WHAT THIS TASK INVOLVES: For this exercise, print the listing below exactly, without its pictures.

RECORDED INFORMATION:
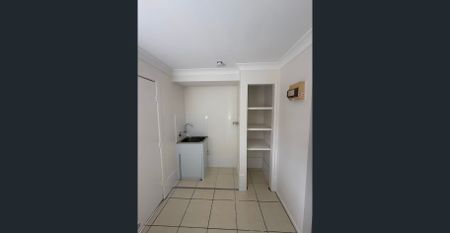 Beatifully Presented Townhome in versatile complex - Photo 3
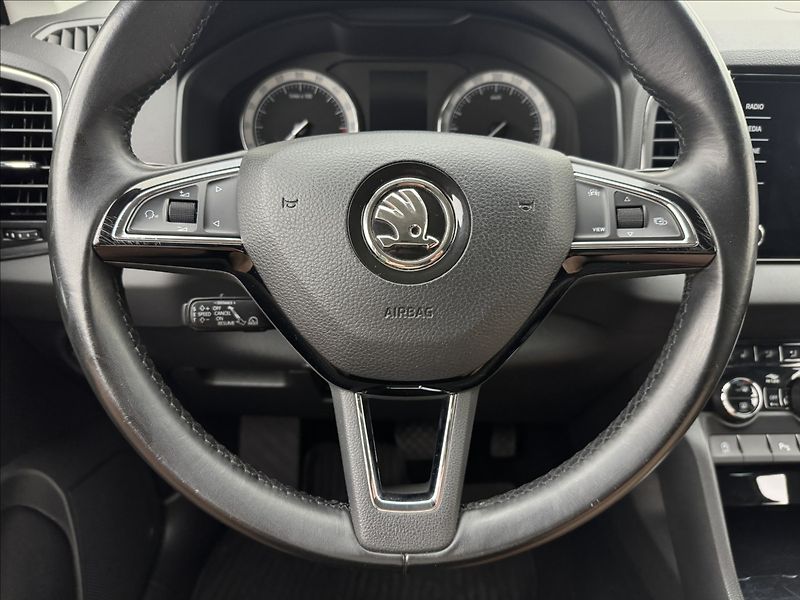 Škoda Karoq 1,6 DSG ACC STYLE+ NAVI KAMERA - fotka 7 z 39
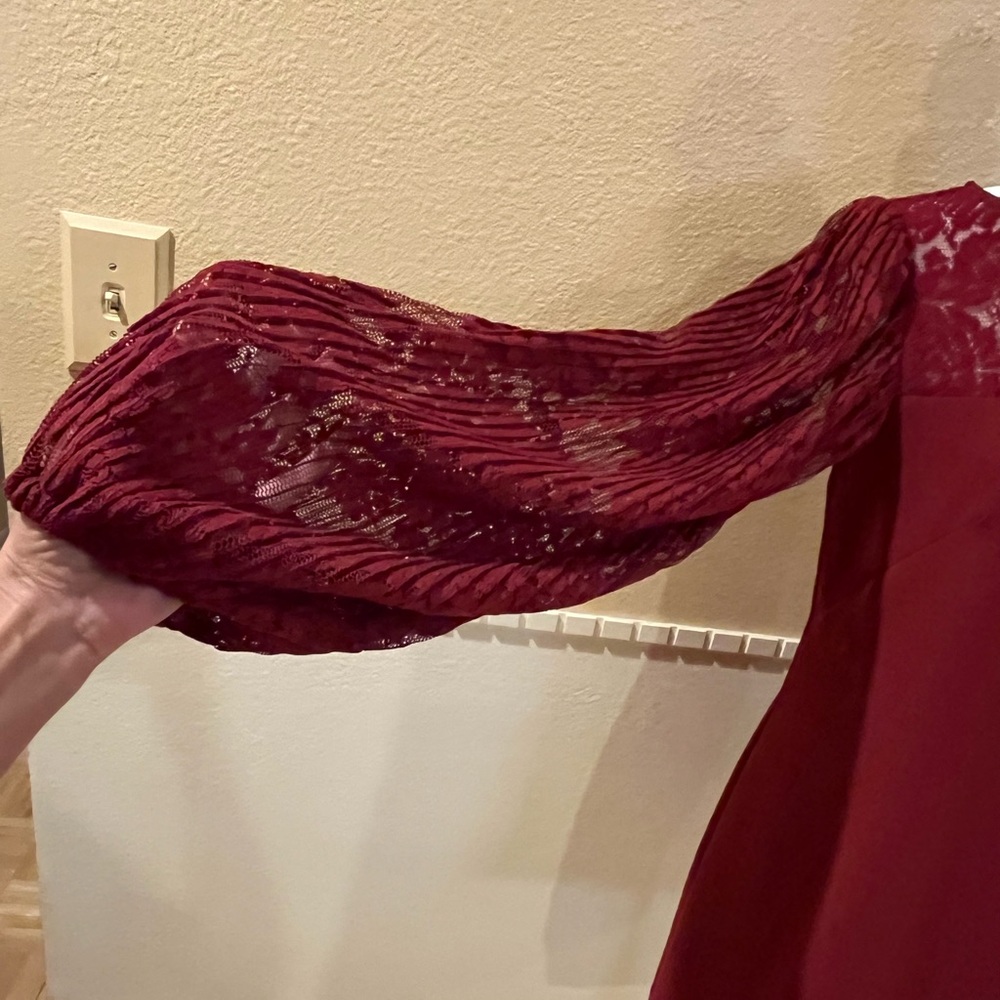 White House Black Market burgundy dress w/ pleated lace sleeves & neckline. S - Picture 5 of 14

RESPONSE TO THE TASK:
 Beatifully Presented Townhome in versatile complex - Photo 3
 Škoda Karoq 1,6 DSG ACC STYLE+ NAVI KAMERA - fotka 7 z 39
 White House Black Market burgundy dress w/ pleated lace sleeves & neckline. S - Picture 5 of 14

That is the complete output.